***** Material shown *****
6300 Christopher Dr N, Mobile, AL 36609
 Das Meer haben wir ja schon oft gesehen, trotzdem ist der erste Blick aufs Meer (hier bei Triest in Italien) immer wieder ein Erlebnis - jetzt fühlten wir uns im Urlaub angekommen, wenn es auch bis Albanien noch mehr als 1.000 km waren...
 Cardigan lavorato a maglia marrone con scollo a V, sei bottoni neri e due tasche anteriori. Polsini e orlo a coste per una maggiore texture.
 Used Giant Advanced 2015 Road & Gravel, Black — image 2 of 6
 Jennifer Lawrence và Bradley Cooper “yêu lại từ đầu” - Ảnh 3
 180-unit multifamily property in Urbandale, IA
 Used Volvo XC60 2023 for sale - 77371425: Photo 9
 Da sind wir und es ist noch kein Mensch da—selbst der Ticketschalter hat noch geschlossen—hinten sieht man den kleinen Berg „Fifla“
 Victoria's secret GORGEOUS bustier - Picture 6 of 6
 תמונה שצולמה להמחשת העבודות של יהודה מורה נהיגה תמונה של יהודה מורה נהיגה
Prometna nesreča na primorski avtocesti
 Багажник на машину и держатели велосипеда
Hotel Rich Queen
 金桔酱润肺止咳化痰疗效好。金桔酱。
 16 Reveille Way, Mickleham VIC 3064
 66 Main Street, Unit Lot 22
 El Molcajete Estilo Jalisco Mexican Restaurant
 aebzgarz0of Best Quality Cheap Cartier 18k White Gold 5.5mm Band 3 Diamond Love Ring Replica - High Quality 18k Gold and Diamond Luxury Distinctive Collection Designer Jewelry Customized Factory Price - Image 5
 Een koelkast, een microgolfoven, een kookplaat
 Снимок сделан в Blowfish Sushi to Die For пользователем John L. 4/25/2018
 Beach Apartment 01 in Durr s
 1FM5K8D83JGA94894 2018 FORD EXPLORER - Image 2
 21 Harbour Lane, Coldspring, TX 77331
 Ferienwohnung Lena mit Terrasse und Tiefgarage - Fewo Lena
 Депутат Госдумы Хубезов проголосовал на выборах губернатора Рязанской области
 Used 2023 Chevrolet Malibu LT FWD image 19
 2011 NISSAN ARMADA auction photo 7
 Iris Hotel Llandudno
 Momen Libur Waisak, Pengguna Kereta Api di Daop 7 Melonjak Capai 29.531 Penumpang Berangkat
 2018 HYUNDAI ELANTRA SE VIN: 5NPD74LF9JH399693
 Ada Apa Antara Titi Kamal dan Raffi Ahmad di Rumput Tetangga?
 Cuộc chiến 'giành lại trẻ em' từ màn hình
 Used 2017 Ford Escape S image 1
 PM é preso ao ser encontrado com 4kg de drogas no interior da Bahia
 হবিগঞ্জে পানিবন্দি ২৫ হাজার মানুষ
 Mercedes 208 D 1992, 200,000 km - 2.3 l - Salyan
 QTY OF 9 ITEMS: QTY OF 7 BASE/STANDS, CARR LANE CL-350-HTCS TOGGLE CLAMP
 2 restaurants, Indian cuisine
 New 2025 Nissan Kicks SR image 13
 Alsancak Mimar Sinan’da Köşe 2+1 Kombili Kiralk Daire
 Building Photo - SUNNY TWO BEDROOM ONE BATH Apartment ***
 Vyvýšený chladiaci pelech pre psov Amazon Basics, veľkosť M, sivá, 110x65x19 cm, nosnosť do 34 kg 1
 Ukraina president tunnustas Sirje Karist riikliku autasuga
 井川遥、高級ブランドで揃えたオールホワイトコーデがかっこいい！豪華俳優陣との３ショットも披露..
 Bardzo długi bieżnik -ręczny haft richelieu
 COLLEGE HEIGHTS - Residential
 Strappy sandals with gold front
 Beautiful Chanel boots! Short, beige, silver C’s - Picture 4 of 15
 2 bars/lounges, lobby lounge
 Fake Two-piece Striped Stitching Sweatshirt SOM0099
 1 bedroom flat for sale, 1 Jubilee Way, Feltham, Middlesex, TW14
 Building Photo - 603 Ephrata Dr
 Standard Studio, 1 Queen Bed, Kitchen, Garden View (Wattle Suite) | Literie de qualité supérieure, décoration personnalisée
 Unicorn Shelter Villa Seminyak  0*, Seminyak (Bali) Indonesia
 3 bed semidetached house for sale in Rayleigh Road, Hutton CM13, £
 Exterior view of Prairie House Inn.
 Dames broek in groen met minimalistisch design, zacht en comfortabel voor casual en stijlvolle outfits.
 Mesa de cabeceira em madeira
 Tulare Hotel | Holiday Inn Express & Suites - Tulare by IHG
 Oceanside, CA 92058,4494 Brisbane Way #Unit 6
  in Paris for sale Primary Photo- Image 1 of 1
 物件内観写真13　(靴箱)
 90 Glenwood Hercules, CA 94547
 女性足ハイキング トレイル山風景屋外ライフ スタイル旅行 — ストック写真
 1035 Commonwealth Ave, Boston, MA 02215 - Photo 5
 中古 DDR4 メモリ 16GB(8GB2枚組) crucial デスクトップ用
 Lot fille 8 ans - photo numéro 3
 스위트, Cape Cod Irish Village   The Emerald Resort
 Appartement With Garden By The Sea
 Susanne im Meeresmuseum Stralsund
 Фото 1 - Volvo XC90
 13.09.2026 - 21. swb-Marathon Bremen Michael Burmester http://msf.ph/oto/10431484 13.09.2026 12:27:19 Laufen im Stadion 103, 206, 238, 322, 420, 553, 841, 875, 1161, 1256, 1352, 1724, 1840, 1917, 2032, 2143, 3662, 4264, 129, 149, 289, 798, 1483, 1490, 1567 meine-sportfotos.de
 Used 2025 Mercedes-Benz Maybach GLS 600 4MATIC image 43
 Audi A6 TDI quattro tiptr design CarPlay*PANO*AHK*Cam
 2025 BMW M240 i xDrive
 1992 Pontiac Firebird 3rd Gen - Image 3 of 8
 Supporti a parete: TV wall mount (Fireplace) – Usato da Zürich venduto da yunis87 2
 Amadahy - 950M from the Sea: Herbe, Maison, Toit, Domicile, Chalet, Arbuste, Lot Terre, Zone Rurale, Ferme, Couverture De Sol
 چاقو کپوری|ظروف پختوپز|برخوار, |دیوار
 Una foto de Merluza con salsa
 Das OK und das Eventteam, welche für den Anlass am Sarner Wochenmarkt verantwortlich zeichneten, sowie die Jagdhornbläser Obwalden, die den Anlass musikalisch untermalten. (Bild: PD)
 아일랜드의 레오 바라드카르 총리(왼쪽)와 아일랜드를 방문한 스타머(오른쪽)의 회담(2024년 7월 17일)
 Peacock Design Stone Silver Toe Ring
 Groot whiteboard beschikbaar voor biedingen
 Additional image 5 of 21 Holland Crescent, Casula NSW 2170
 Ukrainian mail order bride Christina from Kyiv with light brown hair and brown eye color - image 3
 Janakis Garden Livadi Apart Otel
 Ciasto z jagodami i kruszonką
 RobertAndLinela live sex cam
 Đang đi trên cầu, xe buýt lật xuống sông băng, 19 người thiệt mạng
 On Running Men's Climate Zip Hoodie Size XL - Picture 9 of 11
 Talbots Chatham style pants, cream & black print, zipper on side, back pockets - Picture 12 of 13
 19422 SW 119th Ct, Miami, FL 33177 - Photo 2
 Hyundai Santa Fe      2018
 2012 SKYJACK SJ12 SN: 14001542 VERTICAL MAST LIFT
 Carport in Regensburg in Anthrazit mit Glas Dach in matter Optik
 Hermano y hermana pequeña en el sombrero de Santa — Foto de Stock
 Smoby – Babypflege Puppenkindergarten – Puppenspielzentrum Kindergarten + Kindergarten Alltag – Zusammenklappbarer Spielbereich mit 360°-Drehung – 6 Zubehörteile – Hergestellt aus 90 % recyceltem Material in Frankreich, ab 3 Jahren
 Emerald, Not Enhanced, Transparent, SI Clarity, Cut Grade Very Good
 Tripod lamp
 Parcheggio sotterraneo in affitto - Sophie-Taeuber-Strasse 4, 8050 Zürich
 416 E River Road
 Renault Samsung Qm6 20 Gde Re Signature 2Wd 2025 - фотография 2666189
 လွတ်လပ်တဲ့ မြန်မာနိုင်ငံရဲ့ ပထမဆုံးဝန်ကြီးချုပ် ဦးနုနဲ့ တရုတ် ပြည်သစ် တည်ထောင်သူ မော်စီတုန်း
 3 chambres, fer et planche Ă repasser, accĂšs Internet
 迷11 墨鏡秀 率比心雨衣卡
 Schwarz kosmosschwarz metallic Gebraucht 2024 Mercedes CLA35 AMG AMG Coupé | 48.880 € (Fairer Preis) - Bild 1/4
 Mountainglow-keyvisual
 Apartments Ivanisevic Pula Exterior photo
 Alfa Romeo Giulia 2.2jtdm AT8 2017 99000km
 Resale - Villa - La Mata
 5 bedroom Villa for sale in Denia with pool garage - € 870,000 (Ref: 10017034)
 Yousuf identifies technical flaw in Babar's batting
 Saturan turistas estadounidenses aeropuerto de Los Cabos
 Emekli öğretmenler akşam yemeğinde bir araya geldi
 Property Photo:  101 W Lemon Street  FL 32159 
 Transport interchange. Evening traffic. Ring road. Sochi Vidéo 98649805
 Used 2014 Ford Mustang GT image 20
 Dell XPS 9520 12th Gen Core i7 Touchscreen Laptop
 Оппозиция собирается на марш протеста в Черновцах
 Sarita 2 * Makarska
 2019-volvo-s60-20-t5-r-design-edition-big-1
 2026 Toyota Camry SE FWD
*****
• Your instructions:
Reproduce word for word the material above, starting with the line that has "Багажник на машину и держатели велосипеда" and stopping after the line that has "Депутат Госдумы Хубезов".

• Solution to this task:
 Багажник на машину и держатели велосипеда
Hotel Rich Queen
 金桔酱润肺止咳化痰疗效好。金桔酱。
 16 Reveille Way, Mickleham VIC 3064
 66 Main Street, Unit Lot 22
 El Molcajete Estilo Jalisco Mexican Restaurant
 aebzgarz0of Best Quality Cheap Cartier 18k White Gold 5.5mm Band 3 Diamond Love Ring Replica - High Quality 18k Gold and Diamond Luxury Distinctive Collection Designer Jewelry Customized Factory Price - Image 5
 Een koelkast, een microgolfoven, een kookplaat
 Снимок сделан в Blowfish Sushi to Die For пользователем John L. 4/25/2018
 Beach Apartment 01 in Durr s
 1FM5K8D83JGA94894 2018 FORD EXPLORER - Image 2
 21 Harbour Lane, Coldspring, TX 77331
 Ferienwohnung Lena mit Terrasse und Tiefgarage - Fewo Lena
 Депутат Госдумы Хубезов проголосовал на выборах губернатора Рязанской области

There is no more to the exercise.